J.P. Morgan estimates that the loan modification plan will prevent 600,000 to 2.6 million foreclosures, depending on how liberally banks modify mortgages and how many borrowers default again.
Paul Willen, a senior economic adviser at the Federal Reserve Bank of Boston, cited another group not helped by the plan: the newly unemployed.
“Cutting my payment by 20 percent isn’t going to help me if I have no income,” Mr. Willen said. “And often these people have gotten a new job offer but they can’t move because their house is under water.”
Because house prices often stay low even after the economy recovers, he said, high foreclosure rates are likely to continue after the banks and employment stabilize.
Even with refinancing and loan modifications, many borrowers will still end up in foreclosure, said Christopher A. Viale, president of the Cambridge Credit Counseling Corporation, a nonprofit agency in Agawam, Mass.
“There’s 10 million households that aren’t being talked about, and they aren’t going to be helped at all,” Mr. Viale said. “They aren’t behind on their mortgages, but they’re putting everything on their credit cards, they’re making minimum payments and paying penalty rates, and there’s no way they can pay off the interest.”
In the past, these homeowners might have refinanced their homes to pay down this debt, but that is no longer an option. “They need reductions of 30 or 40 percent” on their mortgage payments, Mr. Viale said.
For Mr. Moussa, the road toward foreclosure has been precipitous. He bought his home in 2005 for $2.24 million, with a down payment of more than $500,000, and monthly payments of $4,000 for the first year. But as California real estate prices plummeted, his house’s value fell to about $1.1 million, he said. Then his income dropped by half.

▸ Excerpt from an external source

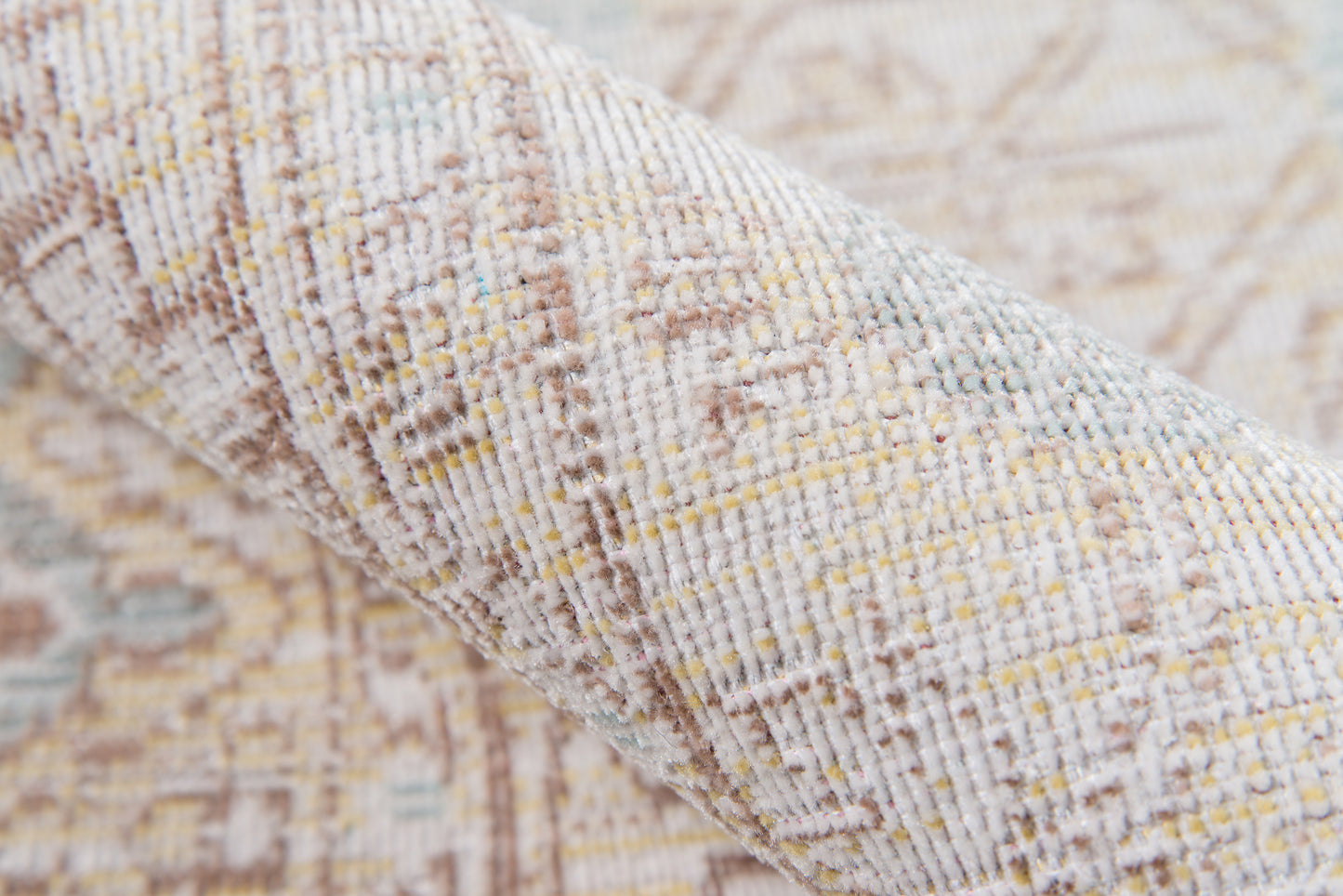 Close-up of beige woven rug with pale blue and yellow specks, textured geometric pattern, rolled edge.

After he defaulted on his mortgage five months ago, Mr. Moussa said he asked his lender, Countrywide Financial, to change the term of his loan to 40 years and to lower the interest to 4 percent until the car business revived.

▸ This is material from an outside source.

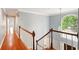 This home features an upstairs hallway with wood flooring and a large arched window at 1256 Spring Park Sw Dr, Atlanta, GA 30311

“Two days ago I got the answer that at this point they can’t do anything,” he said.
Mr. Moussa now has monthly mortgage payments of $8,700 and a home that may never recover its equity. The stress has eroded his marriage, and his wife and daughter are now with her family in Beirut.
His frustration was evident in his voice. “I can make $5,000 payments per month. Why not do that for me for a couple years? Why take it away, sell it” for a huge loss, he asked. “In my area, half the houses are in foreclosure or short sales. And some of them have been stripped down, everything torn out.”
The president has called for legislation empowering bankruptcy court judges to lower the principal on mortgages to reflect fallen home values. This legislation has met strong resistance from the lending industry and many lawmakers.
For Mark Klepper, 50, who lives in Miami, buying a big house was a way to establish credit to start a business. In 2004 he bought a home for $585,000, and watched its value rise to $1.4 million. After refinancing twice, he owes $1,064,000. But the home is now worth a little more than he paid for it, and his income has fallen by 40 percent. He stopped paying his mortgage in January. If he were to continue paying, he said, the drain would crush his business. The government’s plan does not help him.
“I feel if there’s a plan out there, there shouldn’t be a limit,” Mr. Klepper said. “If the government is helping these lenders, they need to take some principal write-downs.”
He asked his lender to reduce his balance to $600,000 and his rate to 4 percent, but so far has made no headway.
“I’m saying I can afford to pay, just not what I did in the past,” he said. “I wouldn’t be asking for it if everything was fine, but it’s not.”